Le CSA prendra en compte deux critères, dont l’un est parfaitement subjectif.

L’autre est pernicieux. Il s’agit du nombre de voix obtenues à l’élection précédente. Si ladite élection est la précédente élection présidentielle, seuls ceux qui se sont déjà présentés auront droit à la parole.

S’il s’agit d’une élection locale, cela signifie que vous créerez des listes locales pour obtenir du temps de parole aux élections présidentielles. Vous êtes en train de mettre en place un système pervers.

Mais il y a pire. Le CSA, régulateur du temps de parole, va devenir un censeur du temps de parole, puisque c’est en fonction des sondages et de la contribution à l’animation de la campagne qu’il pourra attribuer le temps de parole.
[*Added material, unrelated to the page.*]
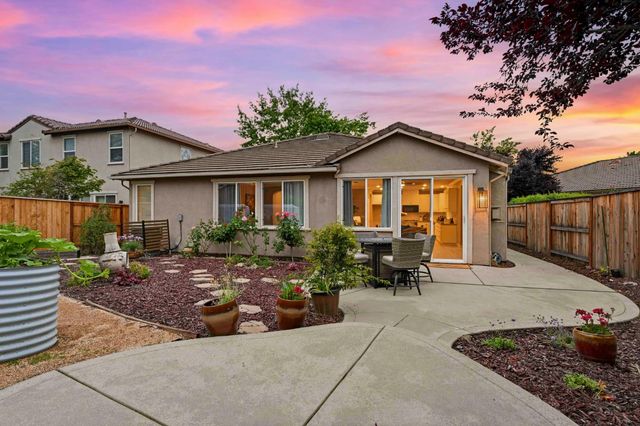 1528 Hammond Ct, Folsom, CA 95630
Chers collègues, dans cet hémicycle, qui peut accepter que le CSA nommé par le pouvoir soit désormais le juge de l’utilité, de l’importance, de la pertinence d’une position lors de l’élection présidentielle ?

C’est cela le verrouillage que vous voulez imposer, en réalité, à la vie démocratique de notre pays. Et, à travers vous, madame la secrétaire d’État, je n’ai qu’une question à poser au Gouvernement et au chef de l’État : comment pouvez-vous répondre à des Français qui veulent un profond renouvellement de la vie politique française, par un verrouillage destiné à favoriser les partis dominants aujourd’hui, et principalement celui qui est au pouvoir ?

Vous nous conduisez à un accident démocratique en divisant potentiellement par cinq l’expression des candidats minoritaires.

Ce que vous pouvez peut-être imposer dans cet hémicycle sera de toute façon rejeté par les Français. Les calculs de ce genre se retournent toujours contre leurs auteurs.